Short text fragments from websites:
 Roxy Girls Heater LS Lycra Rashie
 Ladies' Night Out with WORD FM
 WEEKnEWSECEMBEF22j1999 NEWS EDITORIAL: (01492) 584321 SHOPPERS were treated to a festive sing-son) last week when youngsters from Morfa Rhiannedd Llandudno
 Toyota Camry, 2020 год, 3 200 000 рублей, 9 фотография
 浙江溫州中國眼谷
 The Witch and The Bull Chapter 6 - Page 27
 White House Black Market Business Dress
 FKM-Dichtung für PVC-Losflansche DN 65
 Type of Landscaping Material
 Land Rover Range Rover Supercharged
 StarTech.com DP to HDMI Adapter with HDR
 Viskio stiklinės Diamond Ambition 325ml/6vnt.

▶ **Task to carry out**
When a line in the records above holds "with", that line is to be reported.

▶ **Solution to this problem**
 Ladies' Night Out with WORD FM
 StarTech.com DP to HDMI Adapter with HDR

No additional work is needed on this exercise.